Família Abarno - Histórias


O MÚSICO VICTOR PIETRO ABARNO


Victor Abarno com o popular chapéu-palheta – Início da Década de 1920


Victor Abarno (*01/01/1909 Alegrete RS/+20/08/1989 Porto Alegre RS) era filho de Victor Manoel Abarno e Doralina Pietro e neto do imigrante italiano Nicola Abarno e da alegretense Maria do Carmo Machado. Sua paixão pela música manifestou-se desde a juventude, tendo escolhido o violão como instrumento de manifestação de seu talento. O destino, anos mais tarde, o levou à perda da visão, mas esta limitação física não o afastou de seu amor à música, sabendo aplicar, com maestria, os conhecimentos do instrumento que já dominava. 

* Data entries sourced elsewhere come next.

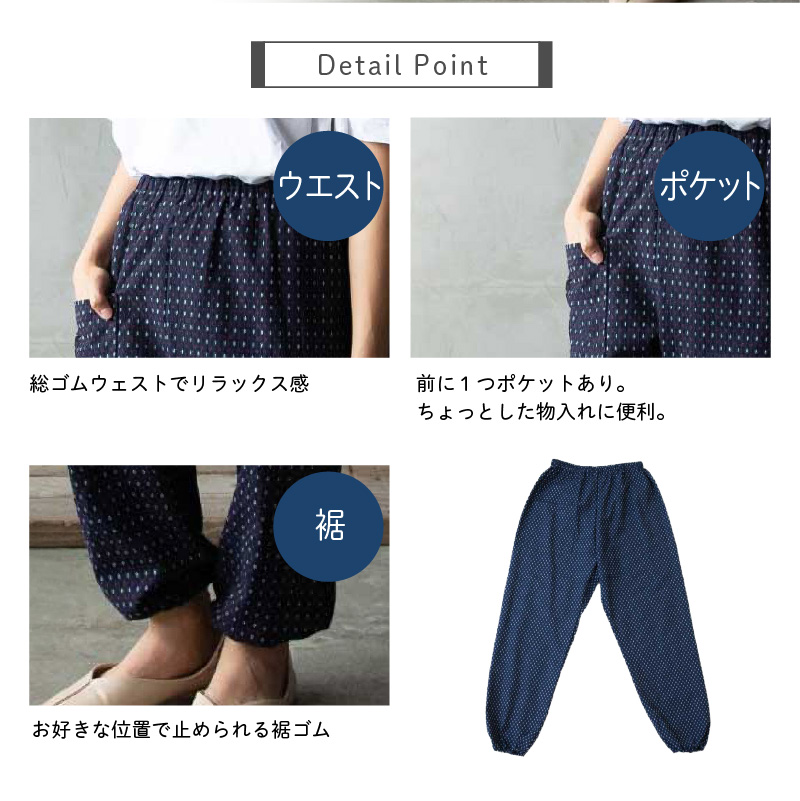 久留米ドビー織あられ柄もんぺ モンペ・【赤入りあられ】_久留米 あられ柄 もんぺ 赤入りあられ M L LL 選べる 柄 サイズ 久留米織 綿100% 日本製 透けない ポケット 裾ゴム 部屋着 農作業 吸水性 乾き早い ヒップ回り ワタリ ゆったり 楽 リピーター ズボン おしゃれ モダン 福岡県 久留米市 送料無料_Qm012-2 赤入りあられ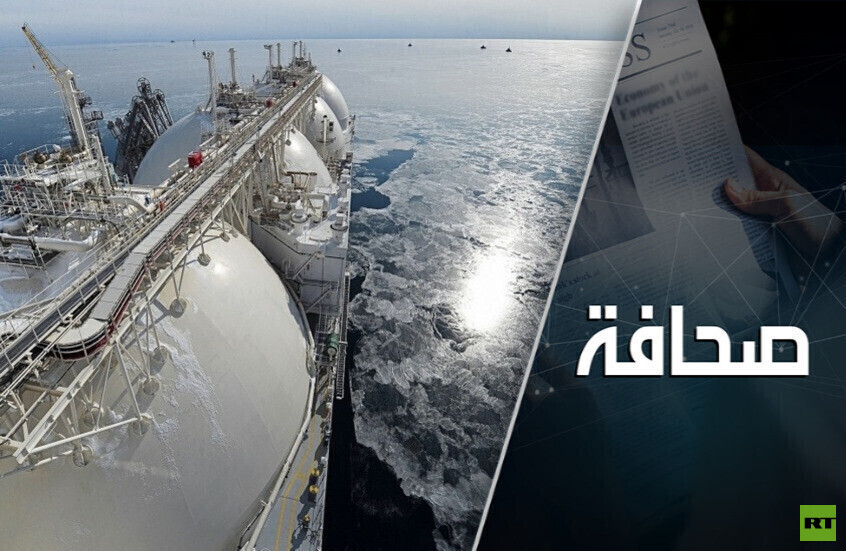 تحديات تواجه روسيا في منافسة الغاز الطبيعي الأمريكي المسال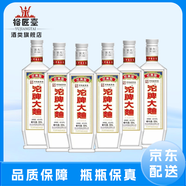 沱牌舍得酒業(yè) 沱牌酒 濃香型白酒 純糧口糧酒 自飲送禮接待商務(wù)宴請 42度 500mL 6瓶 沱牌大曲經(jīng)典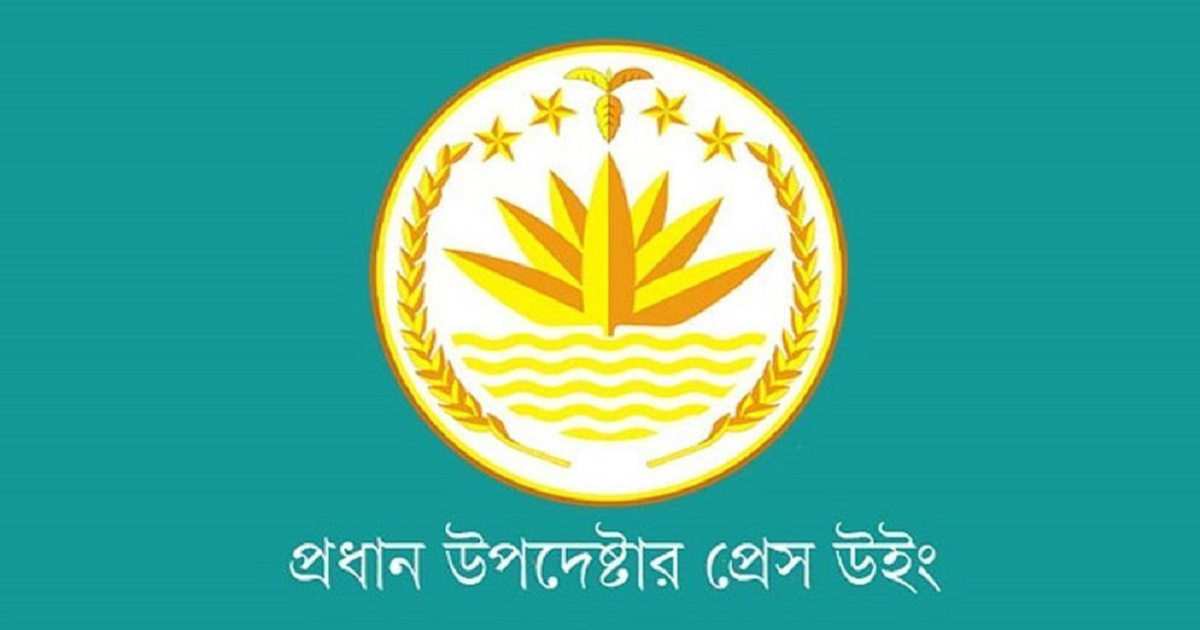 টিআইবির প্রতিবেদন: নির্বাচনি সহিংসতা নিয়ে সরকারের ব্যাখ্যা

Victor Abarno – Década de 1930

Nos anos 1930, Victor Abarno fez parte do Conjunto Regional de Piratini, apelido de seu criador, radialista e músico Antônio Francisco Amabile (1906-1953). Este foi o fundador da Casa do Artista Rio-Grandense, inaugurada em 1949, no Bairro Glória, em Porto Alegre RS. Amabile e seu Regional tiveram o auge do sucesso entre a segunda metade da década de 1930 e a década 1940. Conjunto Regional é como se chamavam os grupos que interpretavam a música popular brasileira, especialmente o chorinho. 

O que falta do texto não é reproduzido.